• [Task brief] Locate the line that contains "American DJ Cable". Retype it and every line after it to the end of the records, exactly, but not the pictures.

● ● ● ● ●

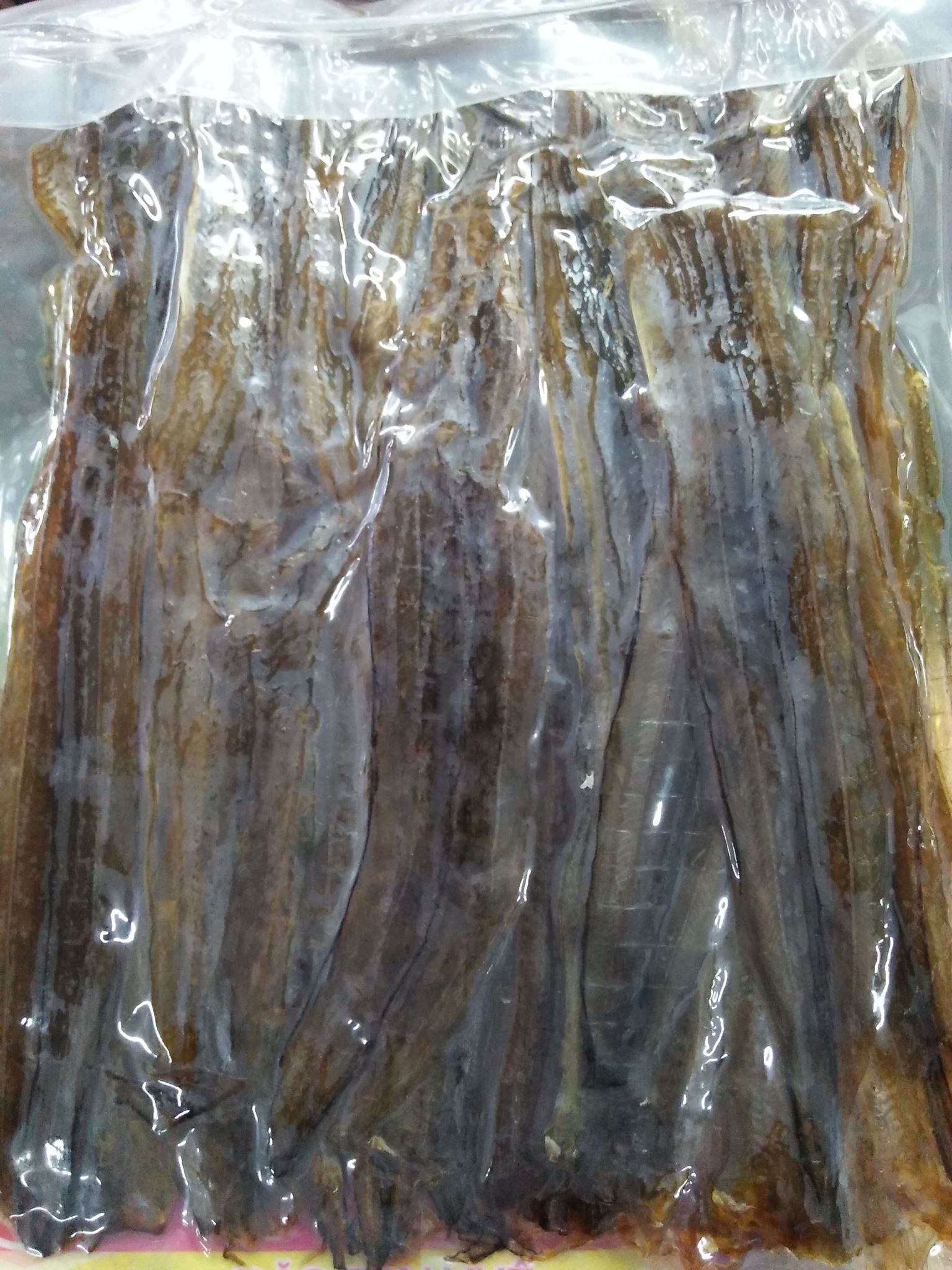 500gr LƯƠN BIỂN KHÔ ĐÀ NẴNG - đã hút chân không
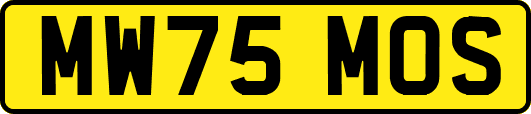 MW75MOS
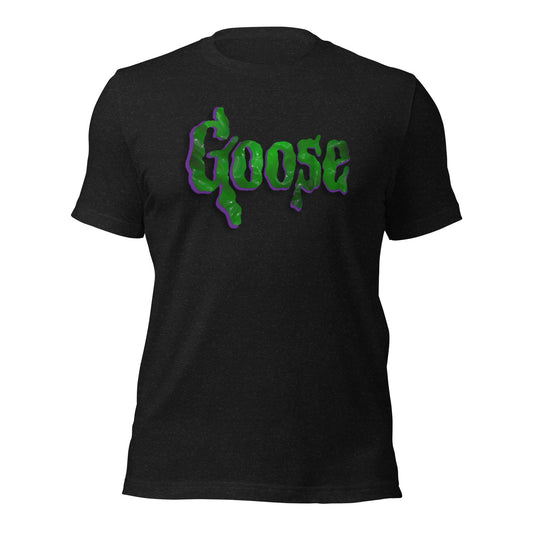 GOOOOOSE - Bumps.  Unisex t-shirt - mudfm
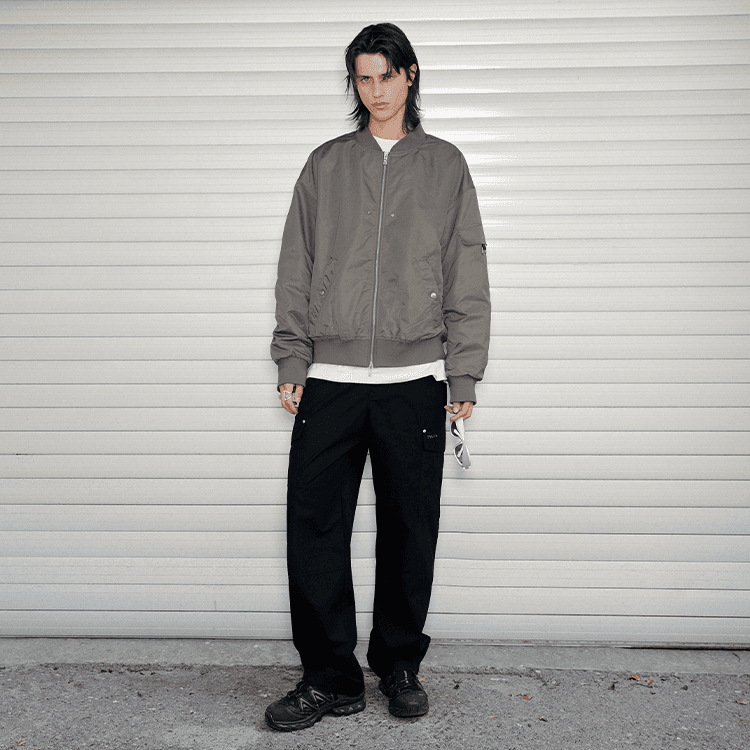 Куртка Teenie Weenie Men CleanFit MA-1 - изображение 16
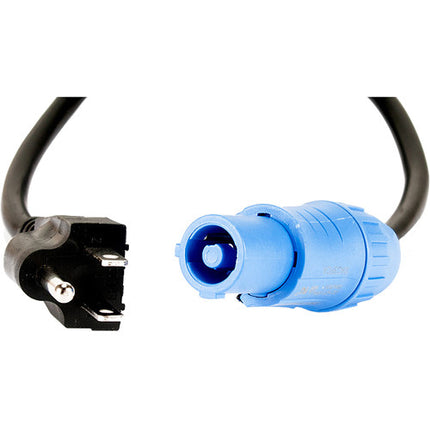 American DJ Cable de alimentación Locking Power Cable 50 pies PowerCON con garantía limitada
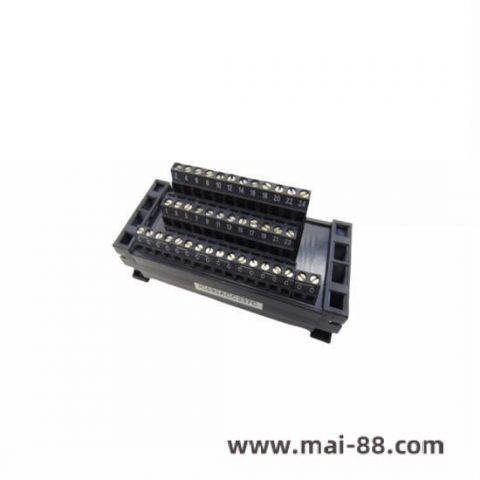 GE IC693ACC337 Industrial Module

● ● ● ● ●

• [Result of this task]
 American DJ Cable de alimentación Locking Power Cable 50 pies PowerCON con garantía limitada
 GE IC693ACC337 Industrial Module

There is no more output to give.